This day-long event featured presentations by professors, youth organizers, politically active youth, and students. "Civically Engaged Youth in the Americas: A Three City Perspective - Chicago, Mexico City, Rio de Janeiro" stems from a larger comparative study researching the role of youth in public spaces in each of their cities. The three themes of the colloquium include Becoming, Engaging, and Envisioning - here academics, youth organizers, and youth themselves speak on envisioning what's next, beginning with a remarkable reading by Cristína Correa.
Cristína Correa is a writer who has worked with Young Chicago Authors, Young People For the American Way, and After School Matters teaching reality through the guise of poetry. She studies at Columbia College Chicago and works at Naïveté Studios. Her concern is with the barely audible voices that gurgle beneath the din of current affairs. In August, she made a trip to Southern Africa to study under Prexy Nesbitt, local educators and socially active youth. Her voice pulses with the blood of all she deems ancestry. In honor of this and all voices, she works to maintain strong artist communities around the world. For more of her work, visit her website.
Jaclyn Vega-Rodríguez is a student at UIC majoring in both Anthropology and Teaching of History. She began organizing with the Mexican Students de Aztlan almost three years ago. She has been involved with many projects, campaigns and events including Escucha Mi Grito Conferences, Dia de los Muertos, Coaliton of Immokalee Worker's McDonalds Campaign and Zapatista Solidarity. She also does much work with a community-based group of individuals called ChicagOtra, a Zapatista Solidarity group that is adherent to La Sexta Declaracion de la Selva Lacondona and The Other Campaign On The Other Side.
Janéida Rivera is a member of the collective of Batey Urbano and an active member of the Puerto Rican community. She has been working with us for over a year, almost two actually. She is very articulate and is a graduate of PACHS. She grew up in Humboldt Park and one of her poems made it into the Chicago Tribune.
James Block is a Professor in the Department of Political Science at DePaul Univeristy.
Facilitated by David Stovall, Assistant Professor of Educational Policy Studies/College of Education and African-American Studies/College of Liberal Arts and Sciences at the University of Illinois at Chicago.

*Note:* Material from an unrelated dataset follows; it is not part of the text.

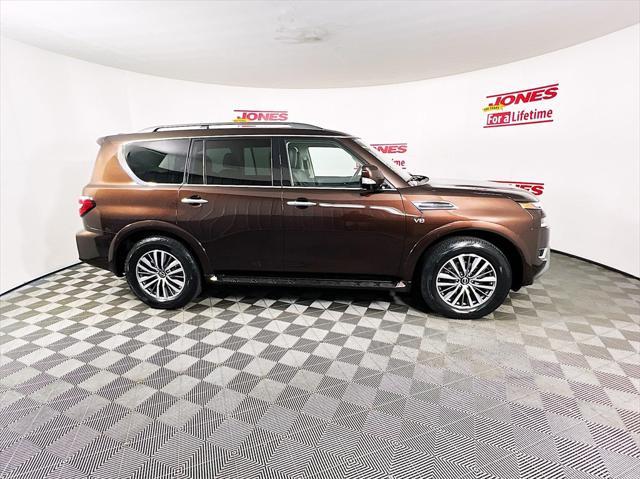 used 2022 Nissan Armada car, priced at $36,998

His scholarship investigates the intersection of race, class, and gender in education. Although his work incorporates originates from a sociological perspective, his approach is multi-disciplinary in that involves historical, legal, anthropological, and philosophical data to inform his qualitative methodological approach.
Recorded Thursday, September 20, 2007 at Jane Addams Hull-House Museum.